I have seen sandwiches and their wrappings
On the roofs of moving cars,
Beacons of forgetfulness.

I have seen brightly coloured swatches of evening dresses
Caught in the doors of moving cars
Rippling like low flags.

I have seen loose dentures
Of a sleeping old lady
Moving independently of her jaw.

Once, I saw my girlfriend’s sister’s vagina when euphoric twirling
Made her skirt rise and she was not wearing underwear.
I said, “I saw your vagina”, and was asked to leave.

I have entered cubicles
And found shocking brown truth
Of other peoples’ turds.

I once saw a man,
Worse for drink,
Urinate on his own dog.

And once I noticed a conjuror’s
Absurd plastic thumb,
Which, oddly, no one else saw.

Biog: Stephen Park is a middle aged artist on the edge of Dartmoor who used to perform his poems in the South West and may do so again. ‘With These Eyes’ won first prize in the ‘Off the Wall’ comic verse competition 2003.

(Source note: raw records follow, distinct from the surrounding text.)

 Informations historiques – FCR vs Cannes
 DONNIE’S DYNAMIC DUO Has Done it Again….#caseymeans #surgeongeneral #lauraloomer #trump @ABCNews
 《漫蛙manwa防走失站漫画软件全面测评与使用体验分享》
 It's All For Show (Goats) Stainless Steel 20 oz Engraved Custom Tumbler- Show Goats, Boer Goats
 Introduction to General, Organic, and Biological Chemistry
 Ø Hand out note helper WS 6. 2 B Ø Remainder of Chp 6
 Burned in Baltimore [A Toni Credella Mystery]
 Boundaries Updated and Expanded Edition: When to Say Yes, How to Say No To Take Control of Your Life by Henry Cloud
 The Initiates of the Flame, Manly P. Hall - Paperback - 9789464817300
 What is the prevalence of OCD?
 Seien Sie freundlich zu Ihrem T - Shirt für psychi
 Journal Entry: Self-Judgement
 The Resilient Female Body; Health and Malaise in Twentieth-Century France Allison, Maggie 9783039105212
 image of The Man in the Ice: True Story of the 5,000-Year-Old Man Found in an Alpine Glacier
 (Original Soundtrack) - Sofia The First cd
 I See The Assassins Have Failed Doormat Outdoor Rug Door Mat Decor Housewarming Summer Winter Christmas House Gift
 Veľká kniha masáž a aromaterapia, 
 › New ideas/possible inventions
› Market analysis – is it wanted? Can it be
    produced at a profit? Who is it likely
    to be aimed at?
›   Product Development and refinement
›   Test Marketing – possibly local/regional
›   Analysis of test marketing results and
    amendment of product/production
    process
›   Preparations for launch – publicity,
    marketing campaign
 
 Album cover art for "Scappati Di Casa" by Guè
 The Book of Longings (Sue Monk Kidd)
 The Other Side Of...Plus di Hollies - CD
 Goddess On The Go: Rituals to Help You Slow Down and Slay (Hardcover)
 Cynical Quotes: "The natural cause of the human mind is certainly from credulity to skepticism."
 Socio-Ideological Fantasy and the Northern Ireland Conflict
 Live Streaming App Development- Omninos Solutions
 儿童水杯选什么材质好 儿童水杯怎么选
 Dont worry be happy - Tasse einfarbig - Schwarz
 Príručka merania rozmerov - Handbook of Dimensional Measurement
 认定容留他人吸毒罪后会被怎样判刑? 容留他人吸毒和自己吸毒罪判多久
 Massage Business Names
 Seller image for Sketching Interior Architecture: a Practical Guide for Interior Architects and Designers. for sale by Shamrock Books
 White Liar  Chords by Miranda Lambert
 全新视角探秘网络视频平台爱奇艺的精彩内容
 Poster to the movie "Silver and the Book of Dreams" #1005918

Two Poems from Rhys Hughes

 

I Found It

Let’s be absolutely clear
about why I joined
a Sufi community
last year. The house
was small and cramped
and somewhat gloomy

But I found it very Rumi

because we were packed
in so tight no light could
get past our compressed
sweaty bodies. It was
such a squeeze that fleas
had to hug their knees

But I found it very Rumi

I whirled with a girl
named Pearl until she got
dizzy and fell down
on the ground and then
Lizzie who used to be a
clown fanned her with
her dressing gown

and she had to take it off
to do that but it was cool
she might have been a clown
but she was no fool
and instead of standing there

to stare I did the only thing
under heaven I felt able to:
I picked up the shoddy gown
and put it on and it was far
too small for my large body
but this was a Sufi community

And I found it very Rumi

**************************

That’s All for Tao, Folks!

The Taoists are out
to get me
I wish they would leave
me alone

If I was a woman they
would certainly
run back home
during my time of
the month.

Because they always
go with the flow

**************************

Rhys Hughes has written many stories and books and quite a few poems in his life so far. His one and only poetry collection is called The Gloomy Seahorse and can be found on Amazon and elsewhere.